» Task to carry out:
Below are some records. Return exactly the lines from the one with "Artist Robert Gibbs" to the one with "Damen Strickjacke mit", and nothing else.

» Data for the task:
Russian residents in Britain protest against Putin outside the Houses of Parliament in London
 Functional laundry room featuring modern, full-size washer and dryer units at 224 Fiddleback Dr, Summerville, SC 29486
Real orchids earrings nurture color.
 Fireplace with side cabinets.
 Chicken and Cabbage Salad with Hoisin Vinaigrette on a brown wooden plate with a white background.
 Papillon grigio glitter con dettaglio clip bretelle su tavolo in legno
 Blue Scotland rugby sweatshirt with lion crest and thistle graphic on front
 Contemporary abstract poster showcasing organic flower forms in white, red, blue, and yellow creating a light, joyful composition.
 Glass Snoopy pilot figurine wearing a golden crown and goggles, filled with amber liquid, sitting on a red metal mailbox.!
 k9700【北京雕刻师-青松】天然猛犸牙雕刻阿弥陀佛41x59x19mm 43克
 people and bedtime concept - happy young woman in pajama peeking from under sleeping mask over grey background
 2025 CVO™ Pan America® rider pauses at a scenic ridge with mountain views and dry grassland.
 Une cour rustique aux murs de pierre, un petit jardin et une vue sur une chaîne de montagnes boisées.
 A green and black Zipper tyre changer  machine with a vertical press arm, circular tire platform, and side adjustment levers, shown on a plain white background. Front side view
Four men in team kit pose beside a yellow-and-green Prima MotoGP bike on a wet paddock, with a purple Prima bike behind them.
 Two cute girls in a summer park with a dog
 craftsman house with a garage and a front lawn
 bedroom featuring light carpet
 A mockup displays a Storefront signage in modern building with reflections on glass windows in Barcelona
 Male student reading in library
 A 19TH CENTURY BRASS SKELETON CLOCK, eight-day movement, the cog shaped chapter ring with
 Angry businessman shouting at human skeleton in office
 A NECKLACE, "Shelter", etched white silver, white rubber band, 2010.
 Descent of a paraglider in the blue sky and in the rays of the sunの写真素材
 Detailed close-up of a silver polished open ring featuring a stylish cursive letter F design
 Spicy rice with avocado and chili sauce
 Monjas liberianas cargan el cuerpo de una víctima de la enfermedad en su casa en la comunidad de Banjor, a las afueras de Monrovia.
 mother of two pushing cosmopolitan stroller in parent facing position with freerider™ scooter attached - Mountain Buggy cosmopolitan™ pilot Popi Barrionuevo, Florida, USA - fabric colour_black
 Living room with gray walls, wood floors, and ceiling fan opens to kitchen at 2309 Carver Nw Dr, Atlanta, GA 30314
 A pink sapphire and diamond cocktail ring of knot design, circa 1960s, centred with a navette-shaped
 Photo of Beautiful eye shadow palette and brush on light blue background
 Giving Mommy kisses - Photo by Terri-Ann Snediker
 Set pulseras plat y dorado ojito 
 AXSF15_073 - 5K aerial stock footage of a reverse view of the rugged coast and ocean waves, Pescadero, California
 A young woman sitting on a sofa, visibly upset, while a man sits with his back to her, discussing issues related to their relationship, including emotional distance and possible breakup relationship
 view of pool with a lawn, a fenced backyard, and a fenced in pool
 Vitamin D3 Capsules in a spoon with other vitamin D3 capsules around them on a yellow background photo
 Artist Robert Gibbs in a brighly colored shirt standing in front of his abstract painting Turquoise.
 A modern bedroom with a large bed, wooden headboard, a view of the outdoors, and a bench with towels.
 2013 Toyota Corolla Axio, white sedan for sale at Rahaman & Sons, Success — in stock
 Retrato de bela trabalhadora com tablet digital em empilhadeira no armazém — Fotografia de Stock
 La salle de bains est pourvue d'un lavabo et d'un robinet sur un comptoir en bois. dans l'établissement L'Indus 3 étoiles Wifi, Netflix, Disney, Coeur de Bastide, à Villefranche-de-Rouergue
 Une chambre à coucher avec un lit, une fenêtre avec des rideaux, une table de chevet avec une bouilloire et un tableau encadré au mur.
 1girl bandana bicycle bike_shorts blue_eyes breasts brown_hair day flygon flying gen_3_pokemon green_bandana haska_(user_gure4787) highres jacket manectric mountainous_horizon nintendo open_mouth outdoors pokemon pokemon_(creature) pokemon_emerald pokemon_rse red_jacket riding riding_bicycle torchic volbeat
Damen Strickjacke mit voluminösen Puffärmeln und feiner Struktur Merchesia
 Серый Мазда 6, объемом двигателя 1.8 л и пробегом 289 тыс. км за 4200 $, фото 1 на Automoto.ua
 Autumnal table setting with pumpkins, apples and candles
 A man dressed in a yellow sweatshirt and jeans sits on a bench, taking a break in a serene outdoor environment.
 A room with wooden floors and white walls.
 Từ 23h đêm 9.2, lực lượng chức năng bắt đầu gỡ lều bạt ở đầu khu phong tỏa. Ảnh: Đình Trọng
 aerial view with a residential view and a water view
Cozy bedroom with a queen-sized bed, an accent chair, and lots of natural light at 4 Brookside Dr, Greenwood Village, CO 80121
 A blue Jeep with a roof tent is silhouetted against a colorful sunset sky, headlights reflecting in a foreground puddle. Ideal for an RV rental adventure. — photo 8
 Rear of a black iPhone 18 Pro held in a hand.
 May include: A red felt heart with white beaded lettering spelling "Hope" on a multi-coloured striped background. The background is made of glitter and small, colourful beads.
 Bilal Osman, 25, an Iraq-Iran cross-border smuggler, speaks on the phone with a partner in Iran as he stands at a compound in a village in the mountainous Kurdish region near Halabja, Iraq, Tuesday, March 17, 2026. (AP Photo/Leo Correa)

» Exercise result:
 Artist Robert Gibbs in a brighly colored shirt standing in front of his abstract painting Turquoise.
 A modern bedroom with a large bed, wooden headboard, a view of the outdoors, and a bench with towels.
 2013 Toyota Corolla Axio, white sedan for sale at Rahaman & Sons, Success — in stock
 Retrato de bela trabalhadora com tablet digital em empilhadeira no armazém — Fotografia de Stock
 La salle de bains est pourvue d'un lavabo et d'un robinet sur un comptoir en bois. dans l'établissement L'Indus 3 étoiles Wifi, Netflix, Disney, Coeur de Bastide, à Villefranche-de-Rouergue
 Une chambre à coucher avec un lit, une fenêtre avec des rideaux, une table de chevet avec une bouilloire et un tableau encadré au mur.
 1girl bandana bicycle bike_shorts blue_eyes breasts brown_hair day flygon flying gen_3_pokemon green_bandana haska_(user_gure4787) highres jacket manectric mountainous_horizon nintendo open_mouth outdoors pokemon pokemon_(creature) pokemon_emerald pokemon_rse red_jacket riding riding_bicycle torchic volbeat
Damen Strickjacke mit voluminösen Puffärmeln und feiner Struktur Merchesia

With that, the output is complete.